Vin + Omi employed the traditional method of making woven material from nettles, which involves stripping the nettles of their leaves, rhetting them on grass - exposing the material to moisture to induce partial rotting – and then separating the fibre.

The duo developed a new eco-friendly method of processing the fibre, by way of "mercerisation", which gently strips the nettle of its browny green hue, lightening the fibres to a cream colour.

These cream fibres were then woven, part felted and appliquéd to achieve an array of effects within the fashion collection.

"The nettle material is, in essence, just plant material and will decompose in the same way as any plant," the designers explained. "It requires minimal processing to turn it into the fabric."

A new type of natural, biodegradable glue was also developed to help the fibres bond, and includes pectin as one of the ingredients.

While a series of fluffy, cream nettle garments were left un-dyed, others were coloured with natural plant dyes including woad, which dyes the clothes blue, and maddow, which makes them red.

Some garments featured patchwork pieces of material attached to them, which were emblazoned with symbols and slogans about climate change including "stop fucking the planet", "thought is the new religion" and "planet rewind".

Eight of the garments were made from pure nettle, while four pieces were made from a mixture of nettle and alpaca wool.

The studio also made garments by repurposing denim clothing, and used recycled paint-tubes sourced from art brand Daler Rowney to make some of the bold-printed clothes.

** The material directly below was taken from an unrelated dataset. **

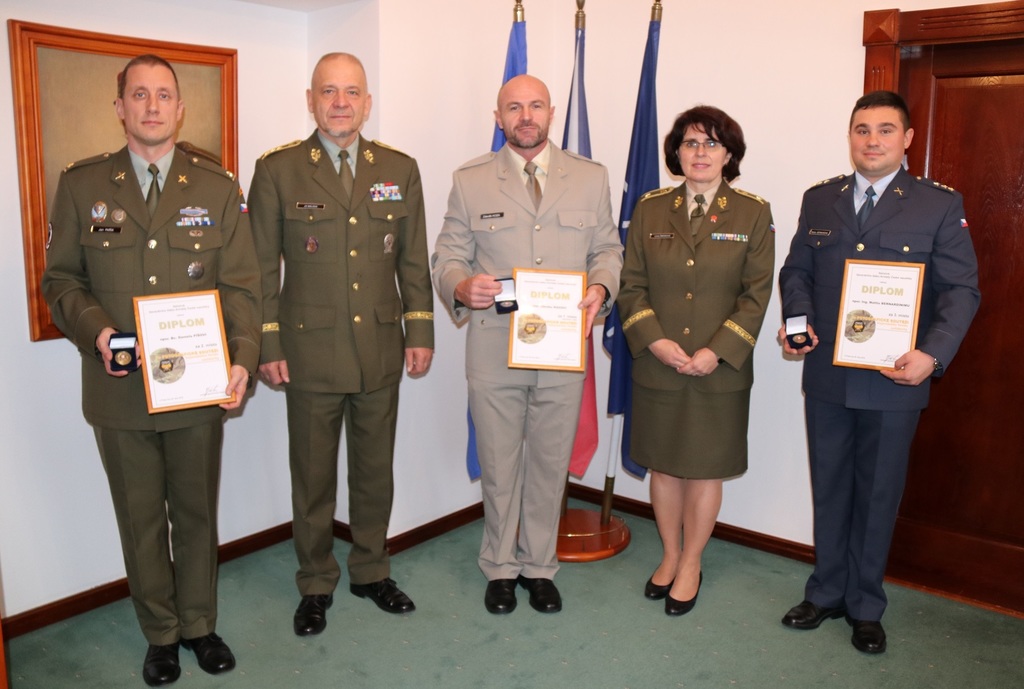 Společná fotografie ze slavnostního předání cen.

Other materials included sustainable, organic and ethical latex sourced from Vin + Omi's own plantation in Malaysia, and organic linen from their own eco-flax crop.

Models also wore shoes made from a combination of damaged training shoes and shoes that were destined for landfill  – each shoe was made up of up to four or five shoes combined.

Vin + Omi are not the first designers to use plant materials for garments. Tech-based clothing startup Vollebak made a T-shirt entirely from wood pulp and algae, which breaks down in soil or in a composter within three months.

The white tee features a block green print on the front, which has been created entirely from algae grown in bioreactors in a process that turns the aquatic plant into a printable ink.